# who has used an ariens?



## Scott15 (Nov 11, 2004)

has anybody used them? i am interested in buying one. Is snapper better than ariens or the other way around?


----------



## bbnissan (Nov 7, 2004)

Ariens makes a pretty good lawnmower, but I personally like Snapper better just because it's a simpler design that's a little easier to work on.


----------



## Scott15 (Nov 11, 2004)

roperdude said to shut the f up.


----------



## bbnissan (Nov 7, 2004)

Why? is he to chicken to say it to me?


----------



## scrench (Dec 8, 2004)

Scott15 said:


> has anybody used them? i am interested in buying one. Is snapper better than ariens or the other way around?

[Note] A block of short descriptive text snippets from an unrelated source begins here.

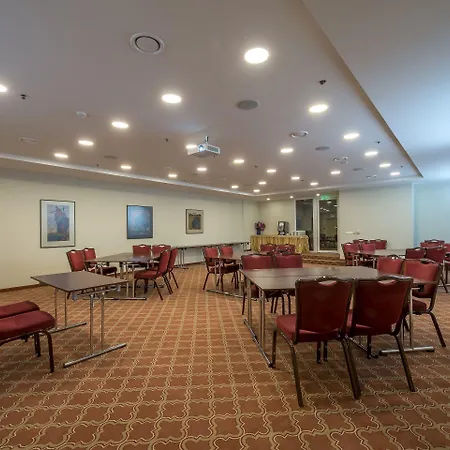 Ratonda Centrum 4*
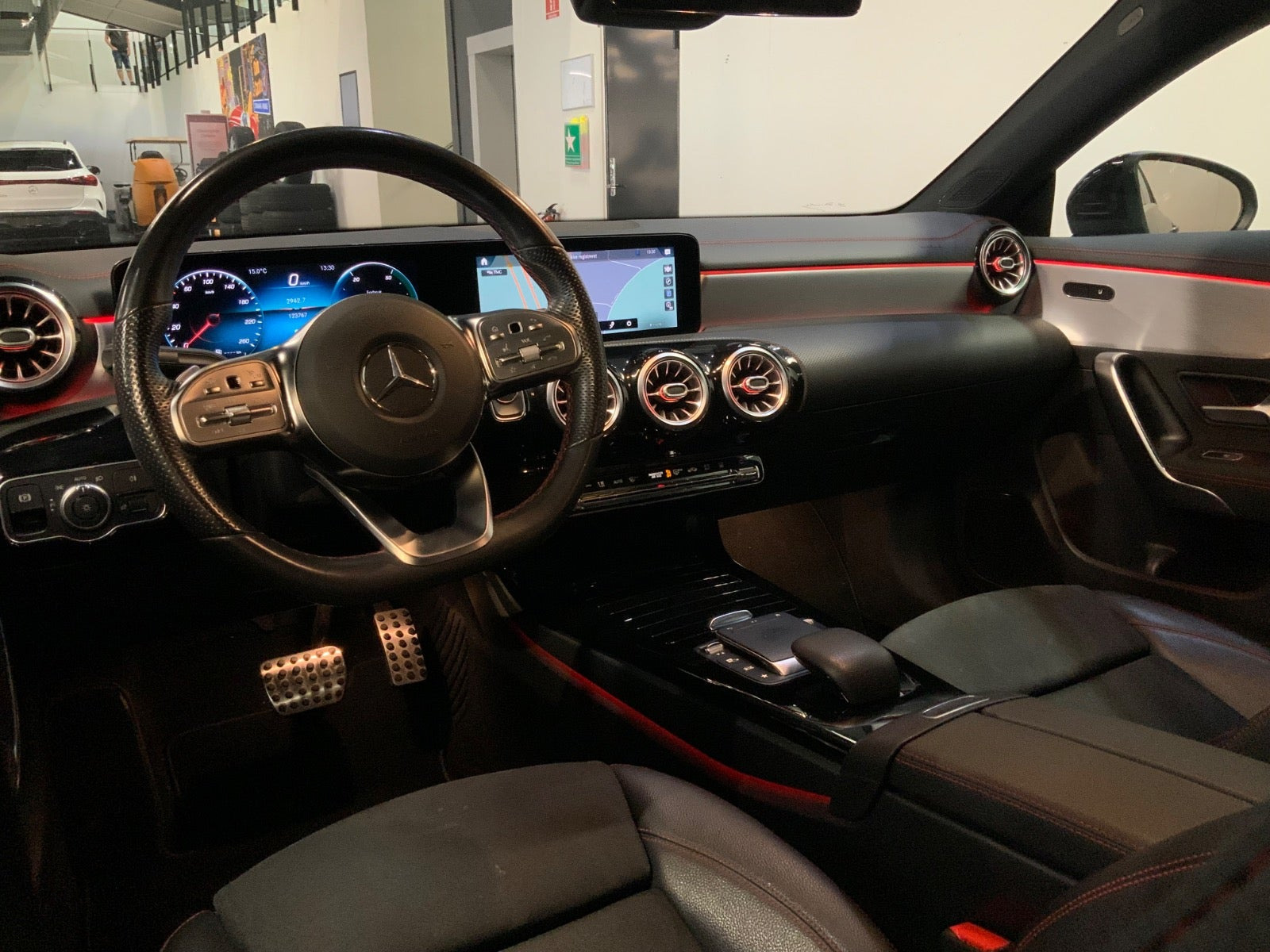 Sort Mercedes CLA250 e fra 2021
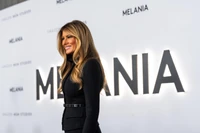 "Niesamowity". Donald Trump zachwala film o Melanii. W RPA wycofano go z kin już przed premierą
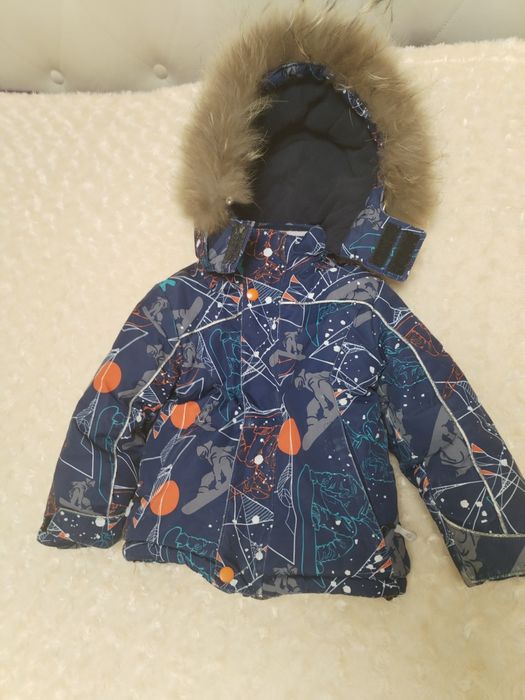 Продам зимову курточку на хлопчика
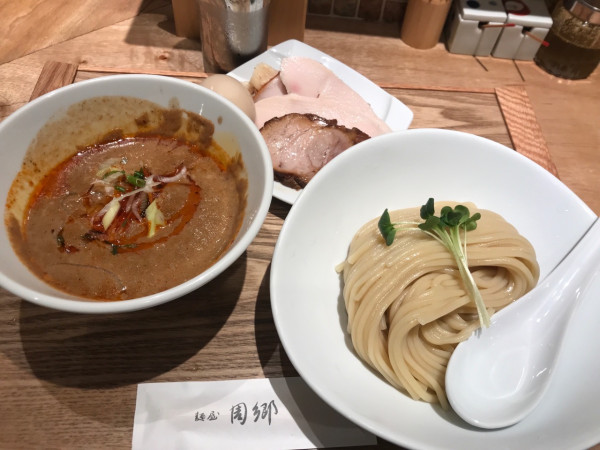 「赤つけ麺」@麺屋 周郷 神田店の写真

ariens are ok , ilike snapper cause its easier for me to get parts for , but the ariens are good


----------



## bugman (Aug 12, 2004)

what's up with roper anyway scott. sounds like he's pissed or something.


----------



## snoman (Feb 13, 2004)

Ariens in my opinion are one of the better machines out there. The older ones can be bought for a resonable price and they work excellent. And since you guys do lots of rebuilds, this would be a snap for you to take care of.
It's my machine of choice.

snoman


----------



## roperdude91 (Nov 10, 2004)

bbnissan said:


> Why? is he to chicken to say it to me?


no my computer was just broken last night :drunk: :drunk: :drunk:


----------



## roperdude91 (Nov 10, 2004)

bugman said:


> what's up with roper anyway scott. sounds like he's pissed or something.


lol :dude:


----------



## Scott15 (Nov 11, 2004)

I want an ariens because they are easier to convert than a snapper. They both have the same disc drive and are easy to maintain. I am going to a dealer tomorrow to see if an ariens is what I want.


----------



## bugman (Aug 12, 2004)

pick one already ok snapper or ariens. hell get both.


----------



## Scott15 (Nov 11, 2004)

yes indeed!  when I can afford and need two mowers. :lol:


----------



## bbnissan (Nov 7, 2004)

I've got a Murray I will sell you :thumbsup: The motor has only been blown once


----------



## roperdude91 (Nov 10, 2004)

lol it is a good mower


----------



## Scott15 (Nov 11, 2004)

ariens. better than snapper.


----------



## bugman (Aug 12, 2004)

no ariens not better then snapper. simpler yes. pricier yes. good warranty yes. as good as snapper's warranty yes.


----------



## Scott15 (Nov 11, 2004)

Ariens are a little cheaper than a snapper. They are one of the only companies that is still family operated with morals and honesty. Snapper has gone down hill with all this buying out crap. The ariens is very easy to convert unlike the snapper. It comes with a 3 in 1 blade. I'm getting one!!!!!!!! Yeah!


----------



## bugman (Aug 12, 2004)

aw well do it then. but still there is other alternative's that are cheaper.


----------



## roperdude91 (Nov 10, 2004)

ya, ya dont need a 800 dollar mmower to get use out of it, my craftsman cost me 289 and came with the quantum i/c and i havent had any problems in 3 years


----------



## bugman (Aug 12, 2004)

mine was 300 something 22 inch 2 in 1 mulcher mower from sears, with the extra 3 year fix it or replace it warranty and a 6.0 quantum mxe i've not even had a problem yet. first pull starting. cut even and good.


----------



## bugman (Aug 12, 2004)

hell you could get a cheaper one with a briggs that mulches, bags and cuts evenly for less then 300 and it would last you a long time. check out sears for other options. buying expensive can still break down on you


----------



## roperdude91 (Nov 10, 2004)

like this:
http://www.sears.com/sr/javasr/product.do?BV_UseBVCookie=Yes&vertical=LAWN&pid=07137887000&subcat=Mowers%2C+Rear+Bag

or this:
http://www.murray.com/www/store/product.asp?mscssid=CHK0W7F879NH9NQCXDMFG1A33LMWA6S0&pfid=218950X92A&CYear=True

they will work just as good as an ariens, snapper, or toro proline which you said was yours in this thread on gardenweb:
http://forums2.gardenweb.com/forums/load/lmower/msg1022471629214.html?13

"MY proline"


----------



## Scott15 (Nov 11, 2004)

Thanks for bringing up that OLD stupid gardenweb thread :thumbsup:


----------